Huxley pursed his lips, glaring at Caspian for a moment, clearly not convinced. That didn't make sense. Caspian was a flawless liar. I almost believed him myself, even knowing his lips were dripping with lies, seeing the evidence of it in his bonds.

The Dawnchasers carried emeralds, the stone of luck. Even if Huxley had two of the damn things, I couldn't imagine a way luck would make him able to see through Caspian's lies. In fact, he didn't even seem to think they were lies. He gave a grudging nod after a moment, he just wasn't satisfied regardless.

Why the hells was it so important that the actual heads of the families had come? I shivered and had no idea why. Rhodri was strangely silent in my head.

Caspian took his seat on the fourth side of the table, Oberon following into the seat next to me, and the four of them finally settled into a conversation about the irritations each had with their borders and previously existing agreements.

It was . . . it was exactly what I'd wanted from the summit.

They were negotiating, truly speaking with each other instead of being arrogant asses and demanding their due respect before agreeing to sit down.

It was perfect.

And yet, I didn't feel perfect. I didn't feel right at all. My eyes kept being drawn to Huxley Dawnchaser and his eternally shifting threads. My head throbbed in time with the movement as I watched it flow and change, and I knew there was something wrong there. I gripped the bottle of painkillers in my pocket, wanting so badly to take one, but still not willing to show weakness to a predator like him.

Beatings, Titania had said, and I had a moment of pity for the boy he'd been, of sadness for the man he might've become. But Huxley was in his forties now. I couldn't change him. Couldn't fix what had been done to him in his youth.

I glanced up to see Kit Emrys watching me, a knowing look in his eye. He blinked both eyes at me like a cat trying to make friends, and gave the tiniest shake of his head. Between us, there was a tiny pulsing bond that I didn't remember seeing before.

Maybe Titania had been right, that I didn't tend to pay attention to my own bonds because no one asked about them, so I only noticed them when something obvious shifted.

This bond was a pale silver. Not white. He wasn't plotting my death. He...sort of liked me. And pulsing from his end was something even warmer. Gold? Green? It was hard to say, but it wasn't bad. It was almost friendly.
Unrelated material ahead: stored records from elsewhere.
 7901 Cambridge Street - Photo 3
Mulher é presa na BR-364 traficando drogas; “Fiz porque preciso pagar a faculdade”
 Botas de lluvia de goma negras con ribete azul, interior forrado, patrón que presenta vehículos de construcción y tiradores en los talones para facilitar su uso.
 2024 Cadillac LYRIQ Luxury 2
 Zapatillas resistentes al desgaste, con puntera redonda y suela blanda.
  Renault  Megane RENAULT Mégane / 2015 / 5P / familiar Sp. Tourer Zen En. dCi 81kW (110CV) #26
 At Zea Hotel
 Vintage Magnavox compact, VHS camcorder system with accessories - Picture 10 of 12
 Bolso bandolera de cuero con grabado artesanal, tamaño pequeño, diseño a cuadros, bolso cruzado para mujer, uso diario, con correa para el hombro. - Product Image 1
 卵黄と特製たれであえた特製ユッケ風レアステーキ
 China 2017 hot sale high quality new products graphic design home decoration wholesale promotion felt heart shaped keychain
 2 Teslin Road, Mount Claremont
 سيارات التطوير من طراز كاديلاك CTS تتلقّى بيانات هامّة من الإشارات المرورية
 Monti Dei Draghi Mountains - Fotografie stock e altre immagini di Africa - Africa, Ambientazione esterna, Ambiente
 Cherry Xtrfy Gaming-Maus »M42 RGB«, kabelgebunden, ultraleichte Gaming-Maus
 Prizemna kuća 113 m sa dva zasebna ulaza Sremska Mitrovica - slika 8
I wasn't sure what to do with it, but I gave the slightest nod in return, sitting back in my chair, and continued to listen to the conversation at hand. Oberon truly wanted the Moonstriker base he'd brought up the day before closed, frightened of the notion of military experimentation close to his borders, and Rain was more than willing to close it, in exchange for some largely irrelevant trade concessions regarding tariffs Oberon didn't need anyway.

It was perfect. Just what I'd wanted.

But for some reason, I felt like a rat on a sinking ship. I'd been let into the captain's dining room, and they'd laid out the feast I'd spent my whole ratty life dreaming of. It was completely unguarded by humans. I just couldn't figure out why the whole room was listing to one side, and there was a sinking feeling in my belly.

But rats were always the first to know on ships, weren't they? Yes, the rats would escape, and I'd sit there like an ignorant child, eating this sumptuous feast laid out in front of me.

I just needed to figure out why the ship was sinking, preferably before it killed me. Then, I had to hope that I could stop it.